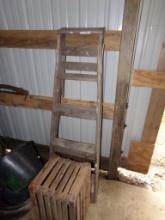 Wooden Step Ladder 5' and Wooden Produce Crate (Shed by Garage)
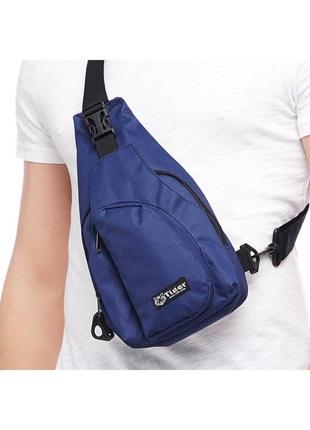Мужская сумка слинг текстильная сумка-джокер нагрудная через плечо сумка str синяя сумка слинг парню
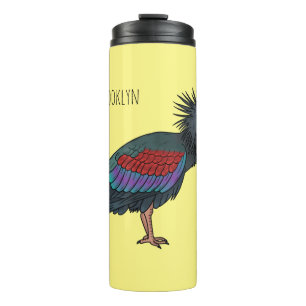 Northern bald ibis bird cartoon illustration thermal tumbler
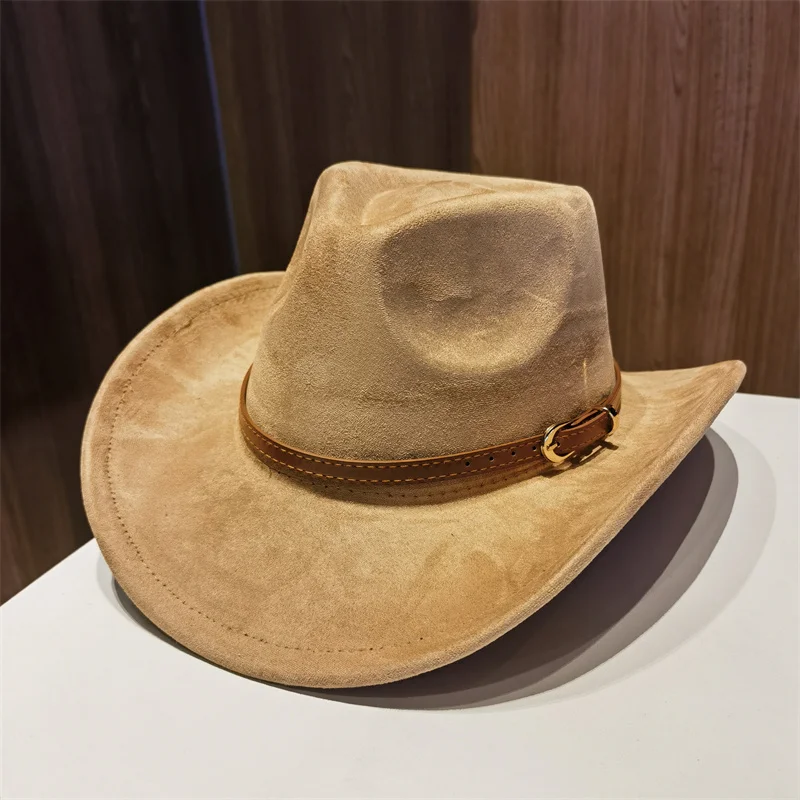 Sombrero de vaquero para Mujer, Sombrero para hombre, Sombrero de gamuza, vaquero occidental, vaquera, Panamá, Jazz, informal, para exteriores, sólido, decorar, Sombrero, Vaquero para Mujer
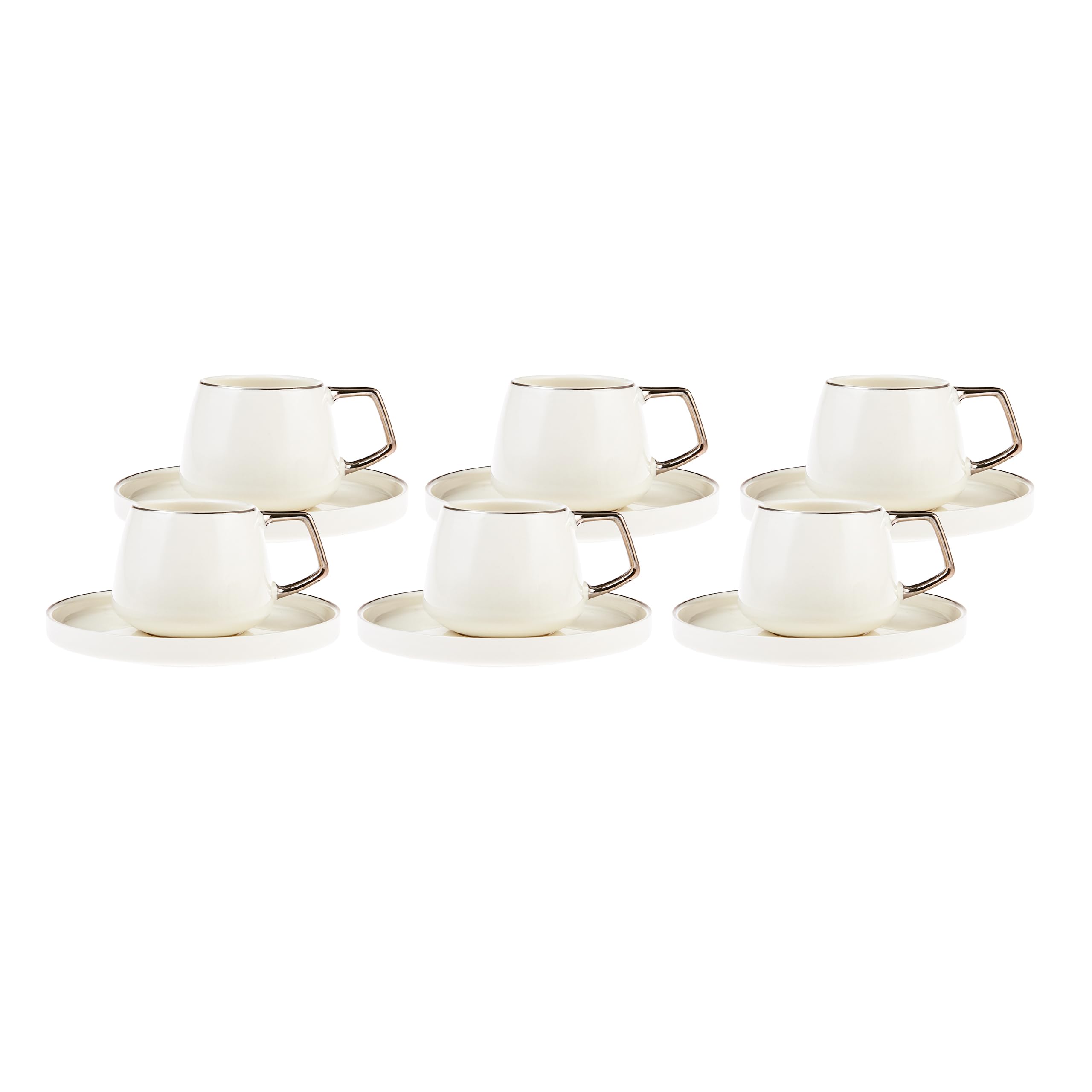 KARACA Saturn Platin Turkish Coffee Cup Set for 6 People - 12 Piece White Cups with Saucers - Small Porcelain Modern Set - Ideal for Serving Greek, Arabic Coffee & Espresso (100ml)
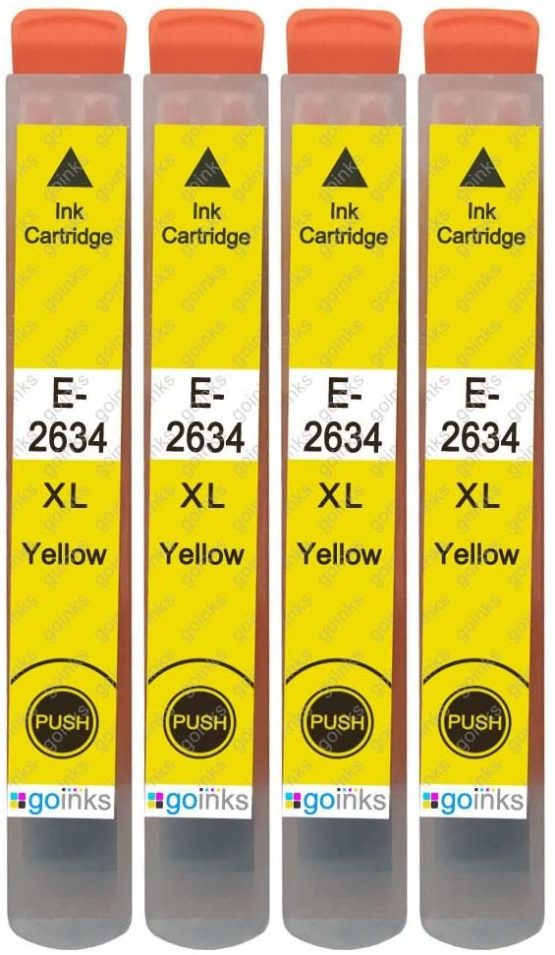 4 Go Inks Yellow Ink Cartridges to replace Epson T2634 (26XL) Compatible/non-OEM for Epson Expression Premium Printers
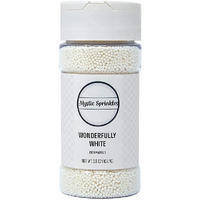 Mystic Sprinkles Solid Color Nonpareils 3.8Oz Bottle (Wonderfully White)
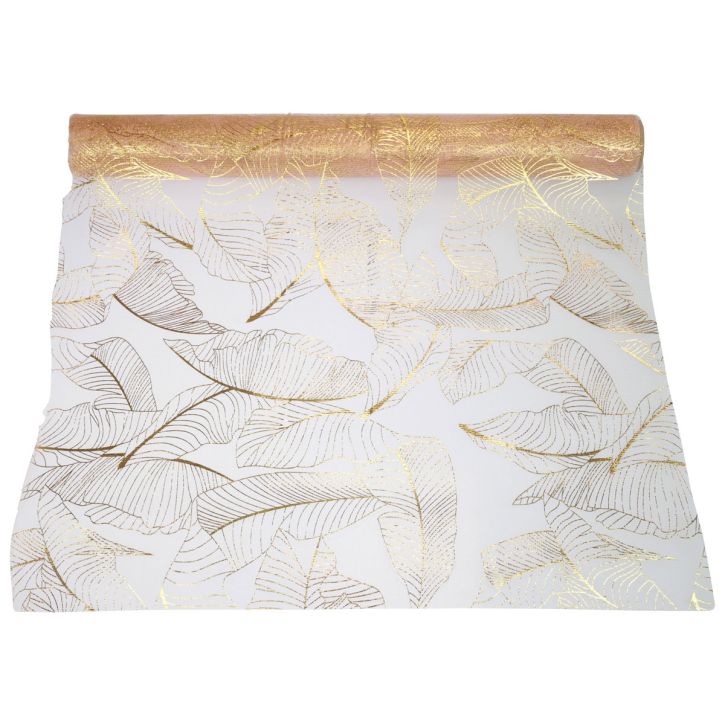položky Behúň jesenná dekorácia behúň na list oranžovo zlatá 48x450cm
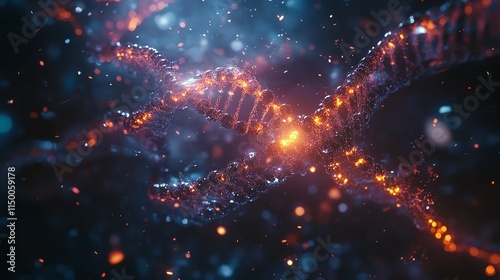 A glowing DNA strand with a fiery texture, surrounded by a swirling cloud of sparks.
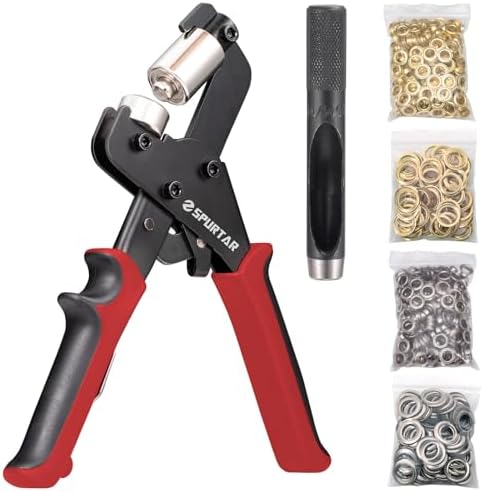 Spurtar Grommet Tool Kit 3/8'' Handheld Grommet Kit Magnetic Eyelet Tool with 10mm Hollow Punch and 500pcs Eyelets for Leather Fabric Belt Tarp Tent Bag Curtain Cardboard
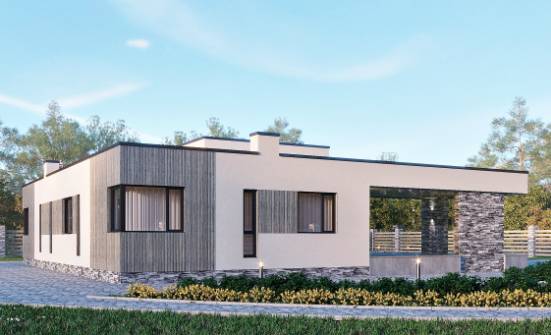 175-001-Л Проект одноэтажного дома, красивый домик из керамзитобетонных блоков Приволжск | Проекты домов от House Expert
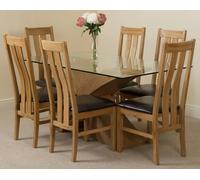 That's Furniture Valencia Oak Small Glass Dining Table & Princeton Oak Chairs - Natural Oak - 6 chairs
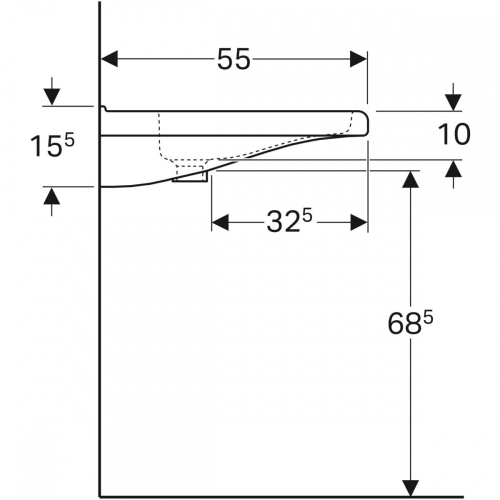 Geberit Selnova Comfort Square akadálymentes mosdó, 65x15.5x55cm, csaplyuk és túlfolyó nélkül 500.790.01.1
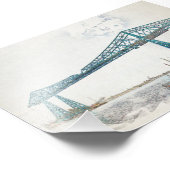 Middlesbrough Transporter Bridge Künstlerische Ski Fotodruck (Ecke)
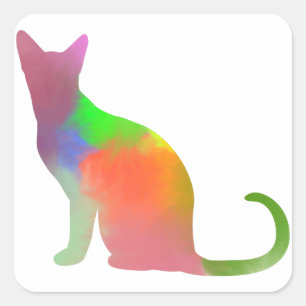 Sticker Carré Aquarelle Chat Silhouette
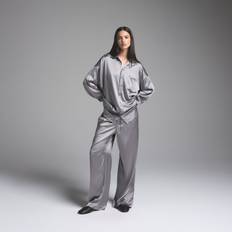 Silk Pajamas SKIMS Oversized Long Pajama Set - Grey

━━━━━━

» **BRIEF**
Please copy the lines above exactly, starting at the line that holds "4 Go Inks Yellow" and ending at the line that holds "Mystic Sprinkles Solid"; include both, but no pictures.

» **RESULT**
 4 Go Inks Yellow Ink Cartridges to replace Epson T2634 (26XL) Compatible/non-OEM for Epson Expression Premium Printers
 Mystic Sprinkles Solid Color Nonpareils 3.8Oz Bottle (Wonderfully White)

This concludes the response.